A member has reported the following incident, which occurred while a 76mm diameter wire rope cable was being pulled off of a passive reel mounted on an anchored flat top barge moored some 600m from shore. The cable was to be pulled around a sheave block anchored on the beach and, hence, towards a pipelay barge, which was on anchors approximately 400m from the shoreline. Because of the weight of the wire rope and the length being pulled, the pulling force itself was exerted by the pipelay barge, which was drawing itself forward on anchors. A series of 96mm diameter polyprop hawsers were linked from the stern of the pipelay barge to the wire rope cable.
The wire rope connector became jammed in the sheave while the pulling barge continued to move forward. The hawsers were stretched beyond their safe working load and one eventually snapped.
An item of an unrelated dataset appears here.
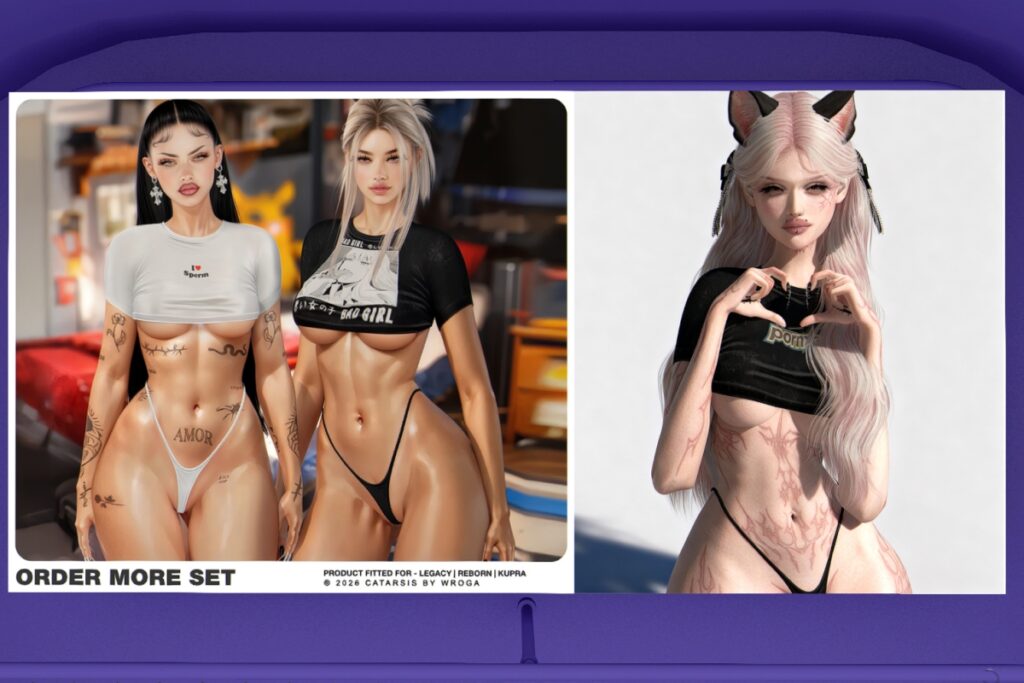 Order More Set - Inithium/Legacy/Reborn, L$299 each/L$1499-L$1899 each FP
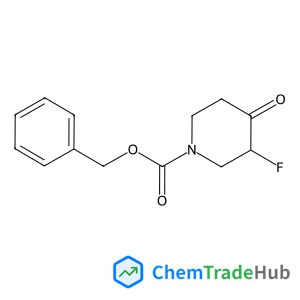 Benzyl 3-fluoro-4-oxo-1-piperidinecarboxylate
The flaying ends of the ropes sprang back and killed a member of the team on the beach.
The company involved has carried out an extensive investigation, which identified the following points, recommended as reminders to all people involved in beach pulling operations:
- Every operation must be fully engineered, taking into account pulling forces, with detailed instructions for those involved setting out the methodology, risk reduction measures to be adopted and contingency procedures;
- A detailed risk assessment must be carried out by the onshore project team, following the company’s procedures, and supplied to the site team;
- Where changes to the methodology are required, where things have not gone according to plan, revised processes are to be fully risk-assessed and the revised methods approved before work continues, in accordance with company procedures;
- Toolbox talks are to be used to brief all those involved in the work regarding the work to be done, risks involved, each person’s role and their positions;
- Warning alarms, barriers, etc. are to be used to prevent those not involved in pulling operations from coming close to wires/ropes under tension;
- The importance of good communication between people at different locations has been re-emphasised – in this instance, including the reel, beach, pipelay barge deck and pipelay barge anchoring control. The person in charge of an operation needs to maintain a clear understanding of movement in all locations at all times in order to clearly relate how movement at one location affects the others.
The company has restated that all personnel have the right and obligation to stop the work at any time if an unsafe condition is seen to be developing.